- Your goal -
Starting with the line below that holds "Preview for 29" and stopping after the line that holds "Принцип управления проектами ФФФ", transcribe the lines exactly, leaving out all pictures.

- Source data -

- - - - - - -

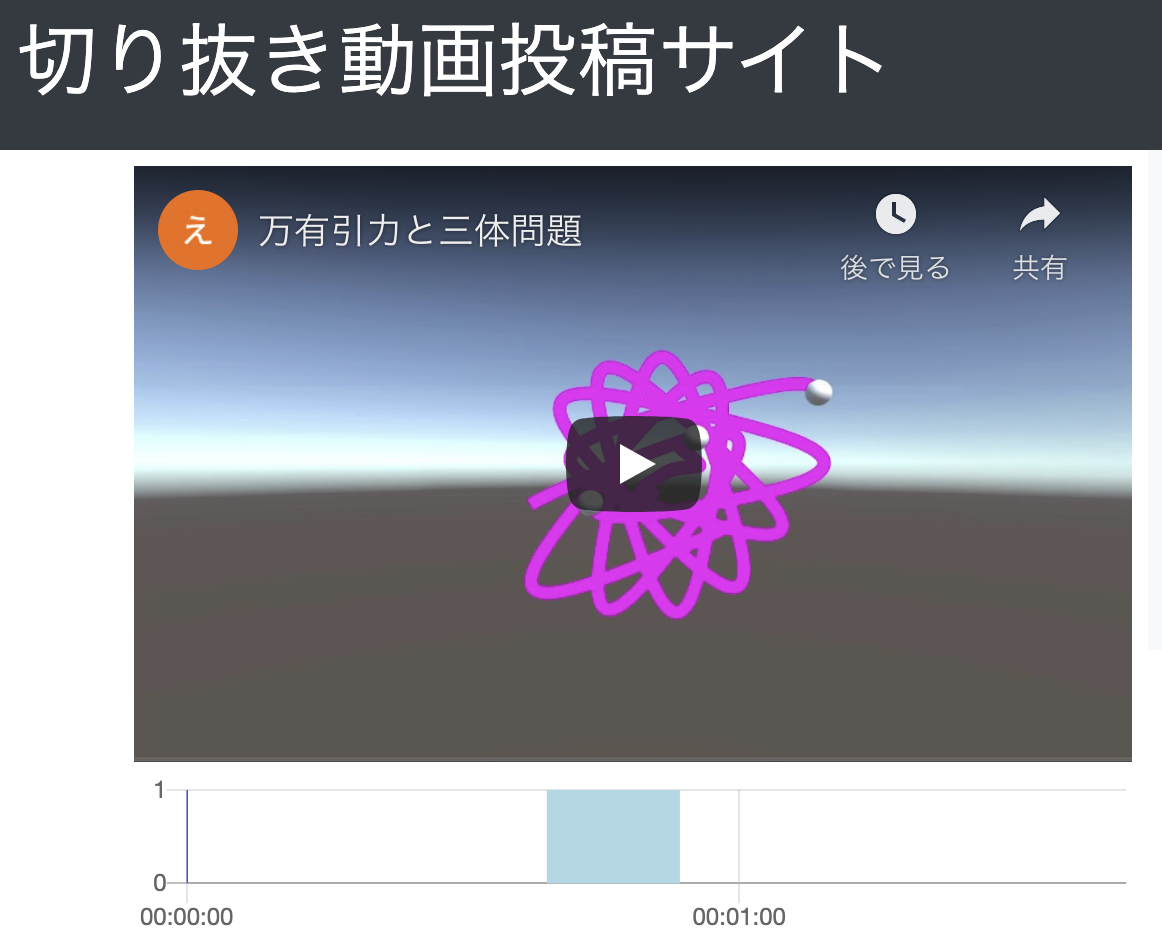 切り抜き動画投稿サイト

- - - - - - -

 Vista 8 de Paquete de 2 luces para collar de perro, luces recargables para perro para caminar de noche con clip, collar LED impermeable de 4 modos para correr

- - - - - - -

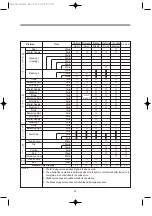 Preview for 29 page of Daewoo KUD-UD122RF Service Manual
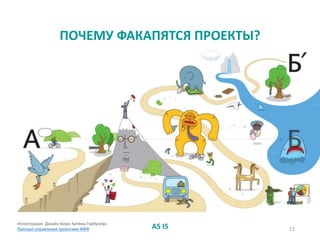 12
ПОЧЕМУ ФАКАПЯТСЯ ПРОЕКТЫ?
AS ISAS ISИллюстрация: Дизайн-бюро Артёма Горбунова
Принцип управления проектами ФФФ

- - - - - - -

- Response -
 Preview for 29 page of Daewoo KUD-UD122RF Service Manual
 12
ПОЧЕМУ ФАКАПЯТСЯ ПРОЕКТЫ?
AS ISAS ISИллюстрация: Дизайн-бюро Артёма Горбунова
Принцип управления проектами ФФФ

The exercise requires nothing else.